**TRY IT**
Set down, please, exactly the lines below that run from the line with "Da Fa Chinese Seafood Restaurant" to the line with "CITIZENS of HUMANITY", both lines included.

PROVIDED RECORDS Block Start

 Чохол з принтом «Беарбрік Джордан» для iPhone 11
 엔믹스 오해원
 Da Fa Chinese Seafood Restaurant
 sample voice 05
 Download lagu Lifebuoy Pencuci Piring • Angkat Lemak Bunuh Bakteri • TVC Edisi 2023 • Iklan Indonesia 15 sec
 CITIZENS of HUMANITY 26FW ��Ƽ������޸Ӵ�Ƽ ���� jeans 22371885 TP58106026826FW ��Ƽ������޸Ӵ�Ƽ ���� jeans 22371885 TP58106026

PROVIDED RECORDS Block End
PROVIDED RECORDS Block Start

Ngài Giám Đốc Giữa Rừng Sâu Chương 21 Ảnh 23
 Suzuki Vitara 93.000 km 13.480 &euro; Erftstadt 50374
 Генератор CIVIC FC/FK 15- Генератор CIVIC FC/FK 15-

PROVIDED RECORDS Block End
PROVIDED RECORDS Block Start

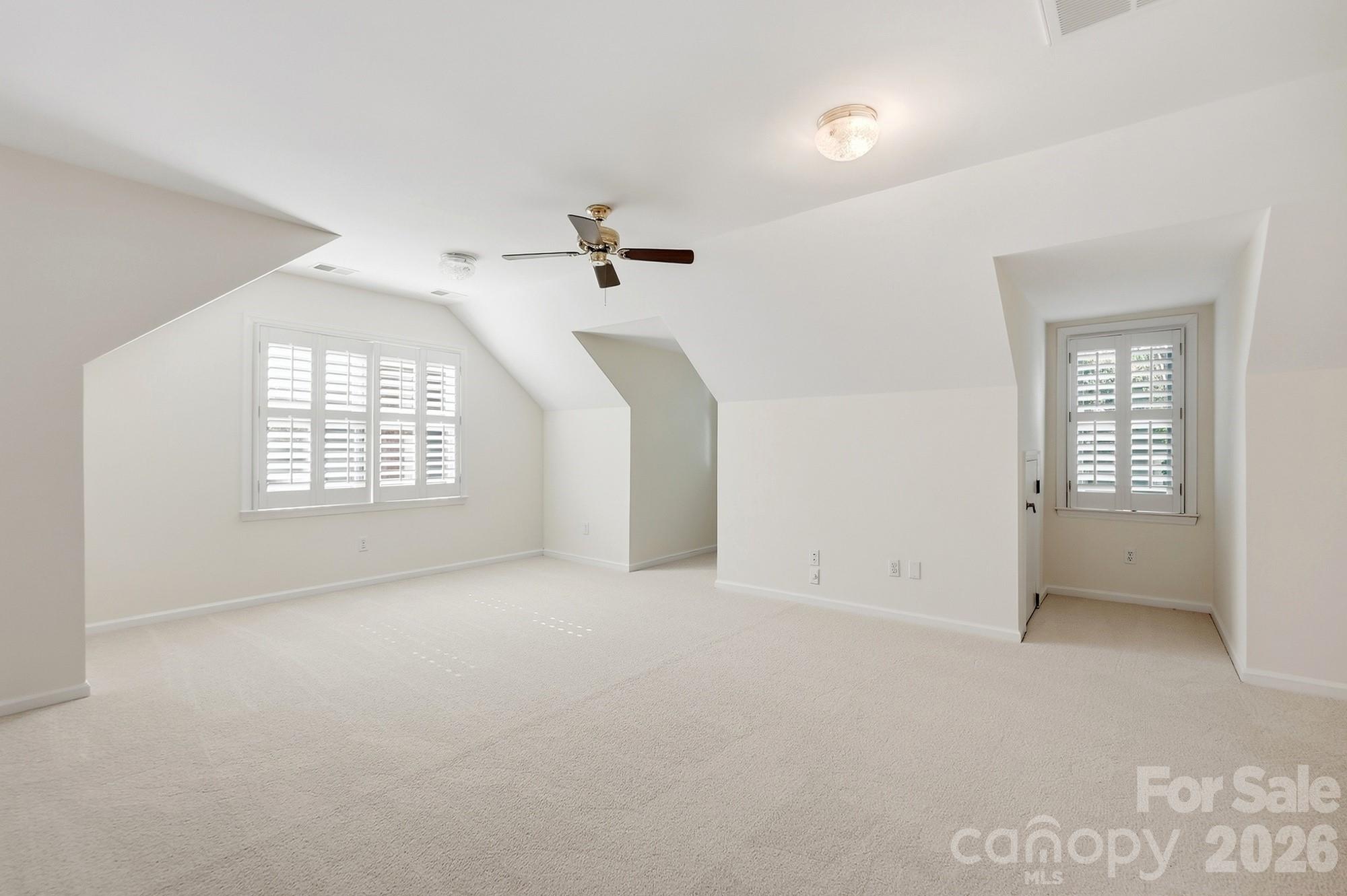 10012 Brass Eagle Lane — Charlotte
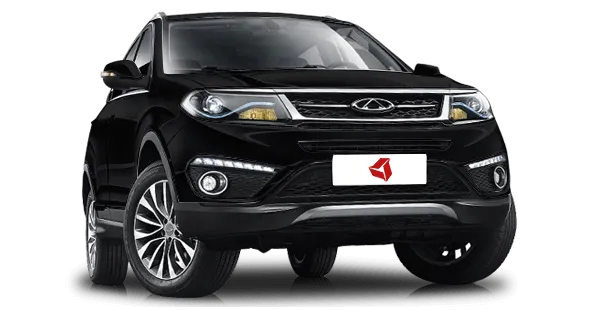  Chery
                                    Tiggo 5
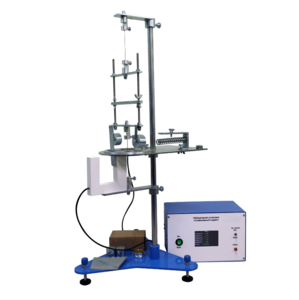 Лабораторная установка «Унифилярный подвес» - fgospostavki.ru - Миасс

PROVIDED RECORDS Block End

**TASK RESULT**
 Da Fa Chinese Seafood Restaurant
 sample voice 05
 Download lagu Lifebuoy Pencuci Piring • Angkat Lemak Bunuh Bakteri • TVC Edisi 2023 • Iklan Indonesia 15 sec
 CITIZENS of HUMANITY 26FW ��Ƽ������޸Ӵ�Ƽ ���� jeans 22371885 TP58106026826FW ��Ƽ������޸Ӵ�Ƽ ���� jeans 22371885 TP58106026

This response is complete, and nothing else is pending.